Scarlett Johansson and Ewan McGregor star as Jordan Two-Delta and Lincoln Six-Echo, respectively. They live on in a giant compound that looks equal parts Apple and Orwell. Everyone in the compound lives according to strict rules. There are dietary restrictions and a ban against sex, so obviously everyone wants to leave. The only way to do so is by winning the weekly lottery; one resident of the compound is chosen each week to go to the titular paradise island.
Lincoln begins having dreams of memories that aren’t his own, leading him and Jordan to try to discover more about their surroundings and themselves. Lincoln befriends one of the compound’s employees, a technician named James McCord (Steve Buscemi). Buscemi injects some much-needed humor and gets some of the films’ best lines. He helps Lincoln understand things and answers his questions about the world.
“What’s God?” Lincoln asks.
“You know when you want something really bad and you close your eyes and you wish for it?” McCord explains. “God’s the guy that ignores you.”
After Lincoln and Jordan escape the compound, it’s McCord who must explain to Jordan and Lincoln what the heck is going on:
While the movie hints heavily at Jordan and Lincoln being clones, Buscemi is the one who gets to explicitly reveal this knowledge to the characters and the audience. Though his dialogue is similar to Deckard’s reveal to Rachel that she’s a Replicant in Blade Runner, Buscemi’s empathy for the clones is tangible. He laments that he’s “the guy who’s gotta tell the kids there’s no Santa Claus.”
If you’re going to have someone deliver exposition through dialogue, you can’t go wrong with Steve Buscemi. He brings something genuine to the role and is the most “human” of all the characters. In a movie that’s otherwise emotionally cold, Buscemi brings a bit of warmth. He helps the clones and lets them into his own house, which is a ramshackle shack compared to the sterile, massive compound. He’s brutally honest with them, interrupting Jordan when she recites a memory to him to prove it's not her own.
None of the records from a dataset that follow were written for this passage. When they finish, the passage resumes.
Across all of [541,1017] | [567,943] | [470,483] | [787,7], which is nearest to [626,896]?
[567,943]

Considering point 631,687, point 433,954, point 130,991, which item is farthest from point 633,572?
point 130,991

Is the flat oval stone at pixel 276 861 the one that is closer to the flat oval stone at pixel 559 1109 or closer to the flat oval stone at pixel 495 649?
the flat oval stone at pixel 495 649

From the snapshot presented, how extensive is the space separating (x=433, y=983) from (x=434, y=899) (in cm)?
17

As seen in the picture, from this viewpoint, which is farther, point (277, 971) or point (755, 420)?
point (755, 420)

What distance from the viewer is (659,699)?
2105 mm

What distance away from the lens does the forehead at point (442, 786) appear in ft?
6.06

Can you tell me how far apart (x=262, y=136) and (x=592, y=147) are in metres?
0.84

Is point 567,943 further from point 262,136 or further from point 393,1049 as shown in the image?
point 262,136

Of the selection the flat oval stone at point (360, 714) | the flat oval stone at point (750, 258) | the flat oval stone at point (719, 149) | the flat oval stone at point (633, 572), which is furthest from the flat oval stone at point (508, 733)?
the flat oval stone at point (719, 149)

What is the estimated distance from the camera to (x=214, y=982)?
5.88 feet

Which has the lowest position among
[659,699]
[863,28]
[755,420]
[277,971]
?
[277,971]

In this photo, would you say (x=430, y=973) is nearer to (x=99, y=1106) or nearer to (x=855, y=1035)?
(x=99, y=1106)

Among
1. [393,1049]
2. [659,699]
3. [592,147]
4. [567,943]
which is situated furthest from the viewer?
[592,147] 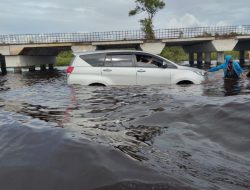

“At least you had a bike,” he says. “Wanna trade your rosy memory implants for my shitty childhood? Be my guest.”
McCord helps Jordan and Lincoln despite knowing it could end badly for him. He’s a complex, interesting character in a movie full of two-dimensional tropes and literal clones. This seals his death, of course, because people apparently really like seeing Steve Buscemi die. Poor McCord is shot point-blank in the chest by an agent of the cloning facility, and he falls through a massive glass bar display.
Buscemi’s role is critical to The Island. He serves as plot navigator, exposition espouser, and comic relief in an otherwise dour movie.
The Island isn’t terrible, by the way – it’s a by-the-numbers sci-fi action thriller with some great casting and all the Baysplosions audiences can handle. But Buscemi brings it up a notch, drawing empathy from the audience and giving us a character that feels real enough to latch onto. His character’s death hurts and is the most effective part of the movie in evoking emotion.
Rest in peace, McCord, you sad weird bastard.